By Sarah Bobrow-Williams
Across the rural South, Black women continue to be diagnosed with cervical cancer too late—not because solutions are unknown, but because systems fail to reach, inform, and support them in time. Participatory research – engaging communities in investigating and challenging systemic failures – is helping to change that, creating an opportunity for philanthropy to nurture sustained, systemic change.
Yet philanthropy often treats participatory research as a front-end exercise— valued for supporting community directed problem solving but without a full understanding of the time required for systemic change.

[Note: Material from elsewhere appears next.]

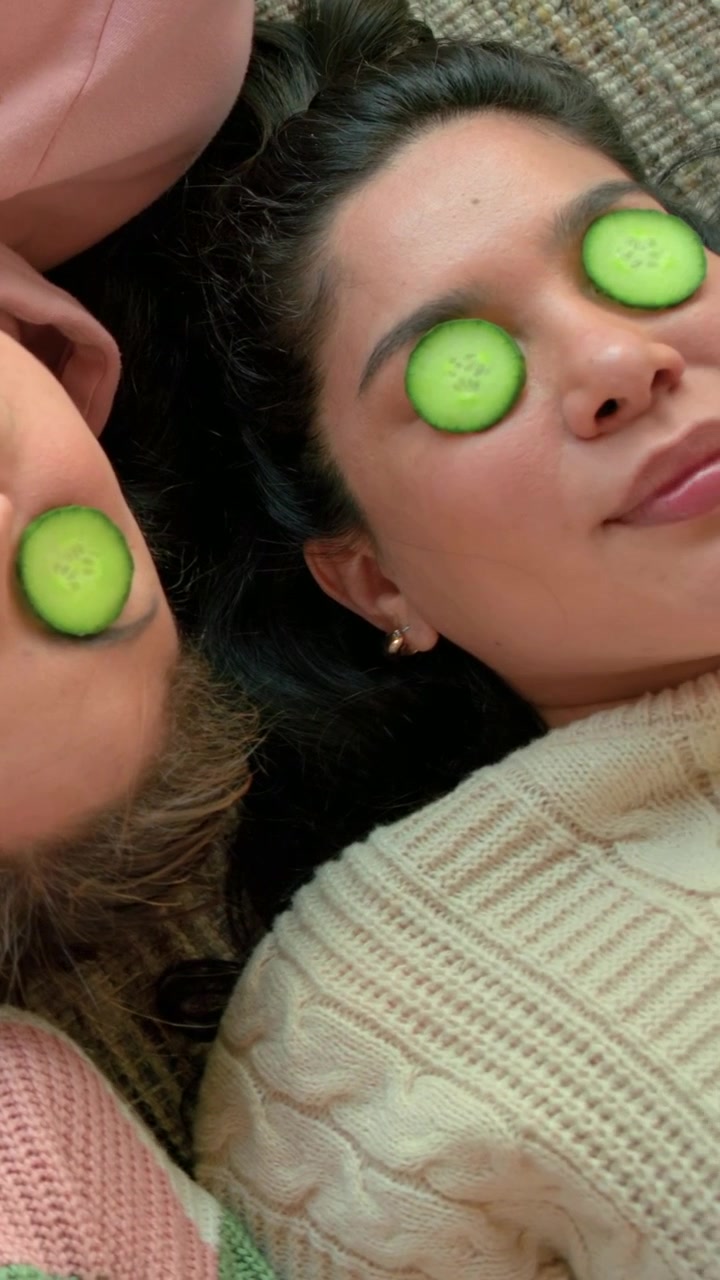 Lying two women relaxing on couch at home, wearing knit sweater, pink hoodie, cucumber slices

In practice, participatory research remains underfunded precisely because it is time-intensive by design, requiring relationship-building, trust, coordination, and sustained dialogue—work that does not align with short grant cycles or quick-turn deliverables. While many funders have invested in participatory approaches, there is a need to recognize that this work unfolds over years, not months. Too often, funding supports engagement without sustaining the conditions necessary for impact.

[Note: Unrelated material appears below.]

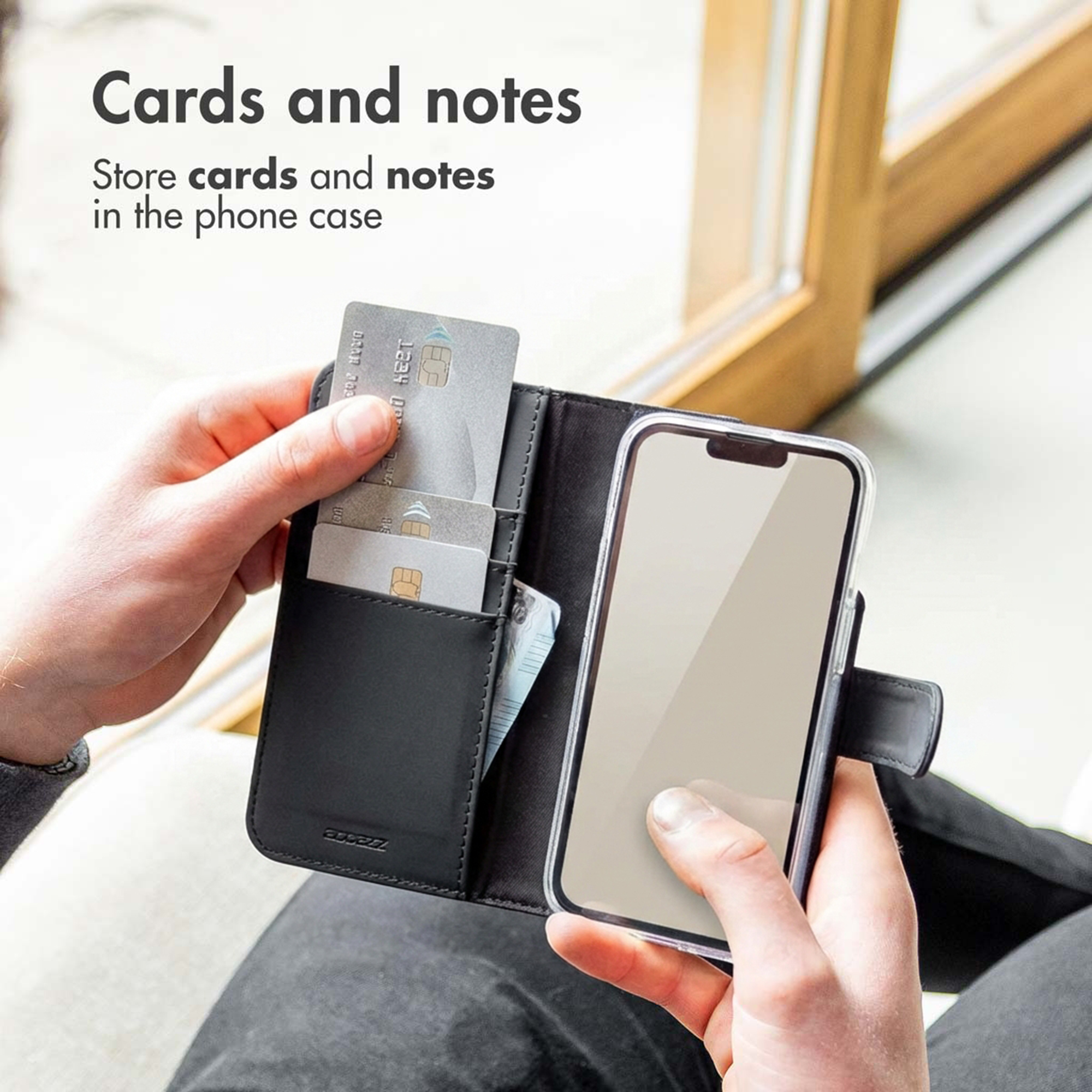 Une personne tient un étui portefeuille de téléphone noir ouvert avec des cartes et un smartphone.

This disconnect is well documented by community-based participatory research practitioners and scholars. Excavating issues is only the first step; trust-building and confronting power dynamics are foundational to shared decision-making and equitable, long-term partnerships and sustained community engagement. And yet, funding too often stops just as that return begins to take shape.

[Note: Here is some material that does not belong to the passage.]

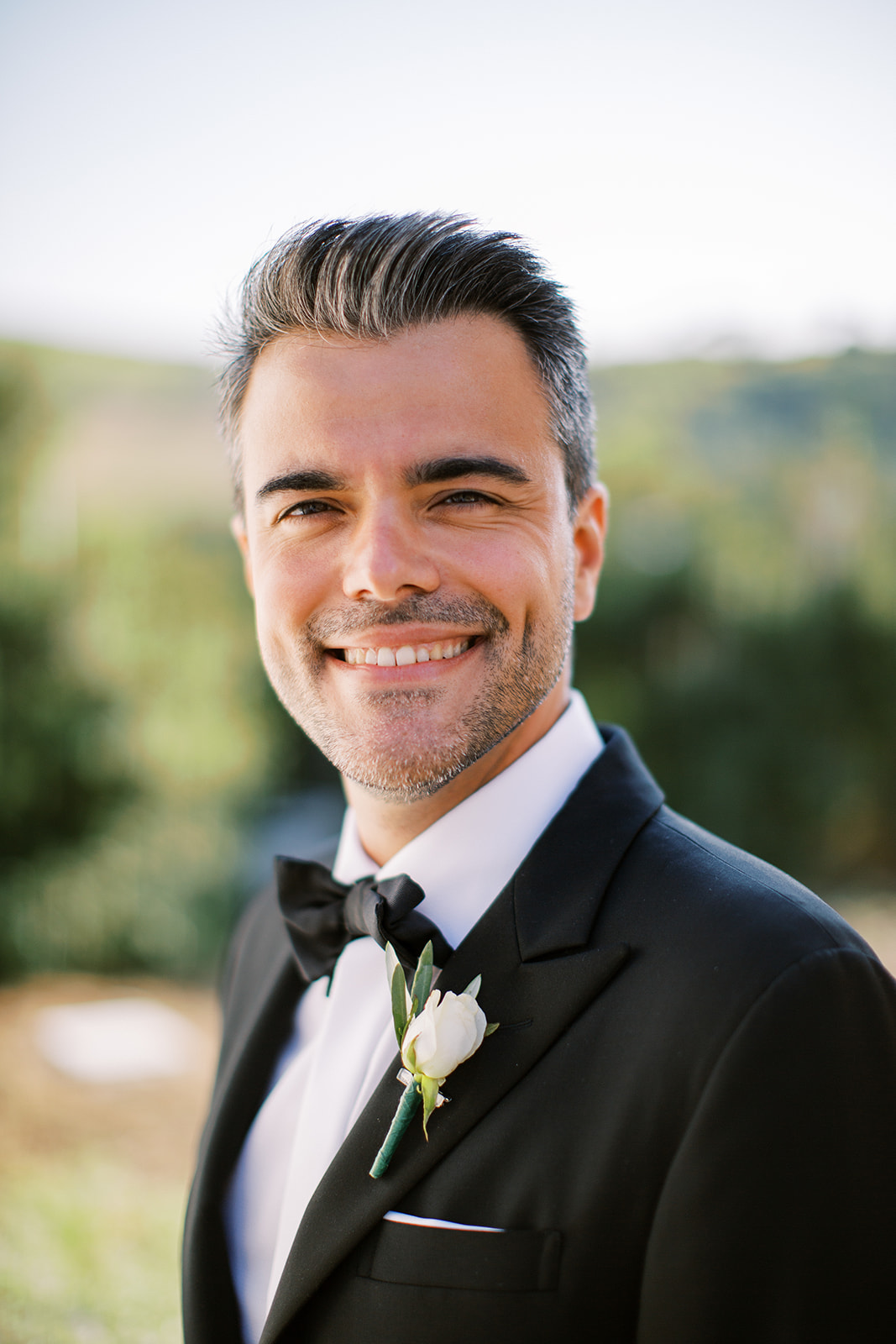 classic white rose boutonniere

Participatory research generates more than findings it generates conversation, awareness, and collective clarity. As individuals come together to name their experiences and connect them to broader systems, disconnect gives way to shared understanding. Assumptions are challenged. Dialogue expands. Action becomes possible.
This process is not incidental—it is impact.
Through this work, community-based researchers surface not only visible barriers to health access—transportation, lack of insurance, provider shortages—but also the deeper, systemic conditions shaping outcomes. In the Southern Rural Black Women’s Initiative for Economic and Social Justice (SRBWI)’s participatory research on cervical cancer across the Black Belt South and Mississippi Delta, findings were consistent across states:
Many women did not know screening mattered. Some had never received clear information about HPV’s connection to cancer. Others encountered myths that actively discouraged preventive care.
These findings point to structural racism and discrimination—not as abstract concepts, but as lived realities embedded in systems of care. They also reflect obstructive dynamics—dismissive treatment, inconsistent communication, and fragmented follow-up—that undermine trust. and continuity of care.
These are not issues that can be resolved through one-time interventions. They are systemic conditions, reinforced through institutional practices and everyday interactions. Addressing them requires sustained engagement, accountability, and community-led strategies.
Participatory research surfaced these realities—but it also built durable civic capacity.
Community members were trained to conduct interviews and analyze patterns. Youth ambassadors are developing public service announcements to counter misinformation. Advocates, ambassadors, and researchers now lead peer-to-peer education, facilitate community conversations, and drive outreach grounded in lived experience. Community representatives sit at HPV and cervical cancer roundtables alongside cancer agency personnel and physicians, ensuring that rural Black women’s perspectives inform implementation decisions.
This is not simply research. It is health governance infrastructure. Value compounds over time: trust networks strengthen, data improves, policy conversations become more grounded, community leaders gain technical fluency, and systems become more accountable.
This is where philanthropy can lead.
Within SRBWI’s approach, community-based researchers identify and document barriers and carry that knowledge forward, translating research into practice-building trust, expanding awareness, and advancing advocacy in ways institutions alone cannot achieve.
When communities are centered—not as subjects, but as leaders in problem-solving—they surface issues that would otherwise remain invisible. They ensure interventions are not only designed with communities but sustained by them.
But this only happens when engagement is continuous Philanthropy does not need to start over, but needs to be followed through.
The ask is straightforward: fund participatory research as a long-term commitment, not a short-term engagement.
Support the full arc—from research to implementation to sustained community leadership. Invest in the people and processes that carry knowledge into action. If philanthropy is serious about equity and impact, communities must remain the center – not briefly, but continuously.
The question is no longer whether participatory research works. The question is how philanthropy can build on what it has already invested to ensure that this work reaches its full potential.